§ **REQUIRED ACTION**
Repeat the data exactly, with every line included.

§ **GIVEN ENTRIES**
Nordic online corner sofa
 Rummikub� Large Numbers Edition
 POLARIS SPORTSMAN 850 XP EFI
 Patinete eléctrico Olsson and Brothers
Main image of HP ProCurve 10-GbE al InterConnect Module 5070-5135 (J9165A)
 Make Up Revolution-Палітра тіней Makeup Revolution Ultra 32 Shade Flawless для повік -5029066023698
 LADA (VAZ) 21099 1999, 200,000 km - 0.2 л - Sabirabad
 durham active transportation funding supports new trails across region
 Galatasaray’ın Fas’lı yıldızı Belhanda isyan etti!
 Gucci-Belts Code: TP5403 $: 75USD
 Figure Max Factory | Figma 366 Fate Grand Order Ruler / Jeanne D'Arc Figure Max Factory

§ **SOLUTION**
Nordic online corner sofa
 Rummikub� Large Numbers Edition
 POLARIS SPORTSMAN 850 XP EFI
 Patinete eléctrico Olsson and Brothers
Main image of HP ProCurve 10-GbE al InterConnect Module 5070-5135 (J9165A)
 Make Up Revolution-Палітра тіней Makeup Revolution Ultra 32 Shade Flawless для повік -5029066023698
 LADA (VAZ) 21099 1999, 200,000 km - 0.2 л - Sabirabad
 durham active transportation funding supports new trails across region
 Galatasaray’ın Fas’lı yıldızı Belhanda isyan etti!
 Gucci-Belts Code: TP5403 $: 75USD
 Figure Max Factory | Figma 366 Fate Grand Order Ruler / Jeanne D'Arc Figure Max Factory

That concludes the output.